1

I am trying to isolate street address fields that begin with a digit, contain an underscore and end with a comma:

001 ALLAN Witham Ross 13 Every_Street, Welltown Greenkeeper 002 ALLARDYCE Margaret Isabel 49 Bell_Road, Musicville Housewife 003 ALLARDYCE Mervyn George 49 Bell_Road, Musicville Company Mngr

e.g

13 Every_Street, Welltown
49 Bell_Road, Musicville
49 Bell_Road, Musicville

My regex is

(?ms)([0-9]+\s[A-Z][a-z].+(?=,))

But this matches 13 through to the last 'd' of Bell_Road.

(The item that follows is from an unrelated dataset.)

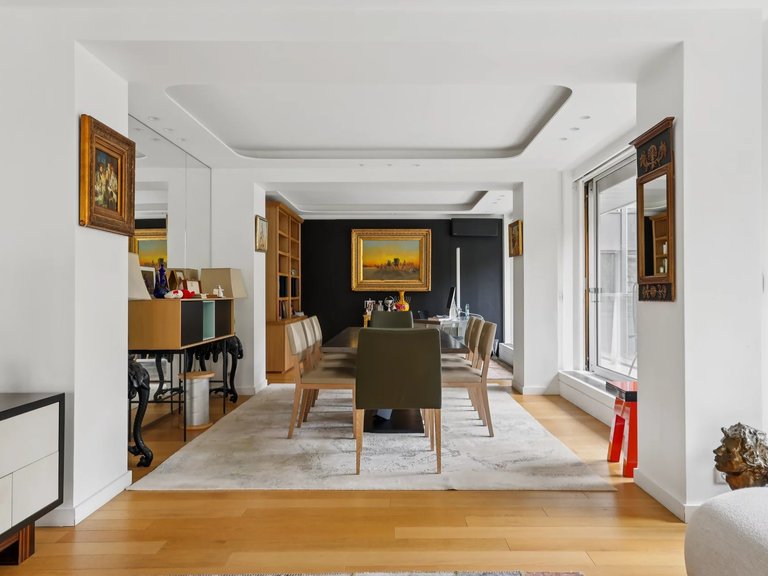 Apartment for Sale in 16th (trocadéro - Etoile - Passy), Golden Triangle - Trocadéro (8th - 16th) 3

Which is almost everything. See regex101 example

This matches two commas but not the third? I want it to match up to the next comma. But do it three times :)

Dave
  • 687
  • 7
  • 15
  • 1
    But you would have incomplete matches then, like `13 Every_Street`. Try `\d+\s+[A-Z][a-z][^,]*,\s+\S+`, see https://regex101.com/r/JdOb6e/2 – Wiktor Stribiżew Dec 05 '22 at 20:06
  • 1
    Maybe `(\d+ \S+_\S+, \S+)` ? https://regex101.com/r/rcVH7q/1 – Andrej Kesely Dec 05 '22 at 20:11
  • I like Andrej's example for its simplicity. The way I see it is his regex layout imitates the structure of the search. Building in spaces and leaving most of it down to visible characters. I haven't used `\S` before. – Dave Dec 05 '22 at 22:41
  • I appreciate Wiktor is finishing off the regex that I started. But I find this part of his regex `[^,]*,\s+\S+` hard to put into words :) – Dave Dec 05 '22 at 22:46

2 Answers2

1

You don't have to assert the comma to the right if you also want to match it.

If you want to match an underscore before the comma, and the address part itself can not contain a comma:

\b\d+\s+[A-Z][a-z][^_,]*_[^,]+,\s+\S+

Explanation

  • \b A word boundary
  • \d+ Match 1+ digits
  • \s+ Match 1+ whitespace chars
  • [A-Z][a-z] match an uppercase char A-Z and a lowercase char a-z
  • [^_,]*_ Optionally match any char except _ or , and then match _
  • [^,]*, Match optional chars except , and then match ,
  • \s+\S+ Match 1+ whitespace chars followed by 1+ non whitespace chars

Regex demo

The fourth bird
  • 154,723
  • 16
  • 55
  • 70
1

This produces your desired matches:
\d+[^,\d]*_[^,]+, \S+
demo

They don't end with a comma, tho.
For that you could just remove \S+ at the end.

Marty
  • 974
  • 9
  • 25